OG&E capacitor bank causing harmonics - making PF worse?

Started by Susan W. — 11 years ago — 9 views
Oklahoma client has me stumped. They installed a 600 kVAR capacitor bank six months ago to correct power factor on their OG&E Schedule LPS service. PF actually got worse, dropping from 0.81 to 0.76, and now they're getting penalties. Power quality meter shows the caps are energizing properly but there's significant harmonic distortion - THD went from 3% to 12%. Could the harmonics be making the utility's PF measurements read incorrectly? Never seen this before in 15 years of doing this work.
Susan, you've got harmonic resonance. The capacitors are resonating with system inductance at probably the 5th or 7th harmonic. This actually makes power factor worse because the utility meter sees the distorted current waveform. You need harmonic analysis and likely tuned reactors to detune the capacitor bank. PG&E sees this all the time here in Silicon Valley with tech companies adding capacitors without harmonic studies.
Pete's right about the resonance issue. Had the exact same problem in Atlanta with a Georgia Power industrial customer. The capacitors were amplifying harmonics from their VFD loads. Solution was adding 5.67% series reactors to detune the bank away from the predominant harmonics. Cost about $8K but eliminated both the harmonic problems and the power factor penalties. Your client needs a full harmonic analysis before adding more correction.
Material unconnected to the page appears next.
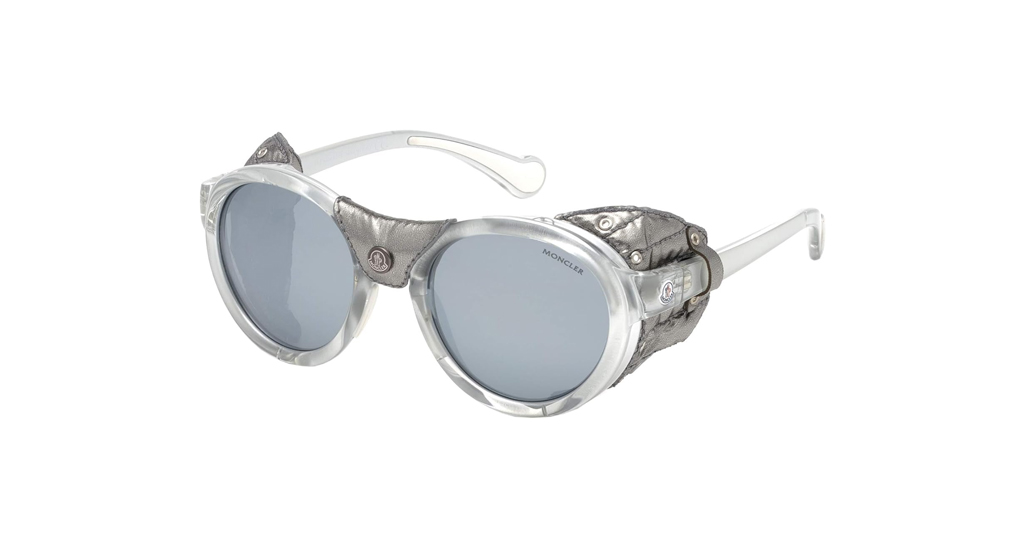 Moncler 0046 20D 52-21 G Unisex Güneş Gözlükleri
I've dealt with similar issues with Westar Energy here in Kansas. The key is measuring true power factor vs displacement power factor. With harmonics present, the utility meter measures true PF which includes the distortion component. Even if your displacement PF looks good, the harmonic currents kill your true PF. OG&E probably measures true PF for billing purposes. Get an IEEE 519 compliant harmonic study done before spending more money on capacitors.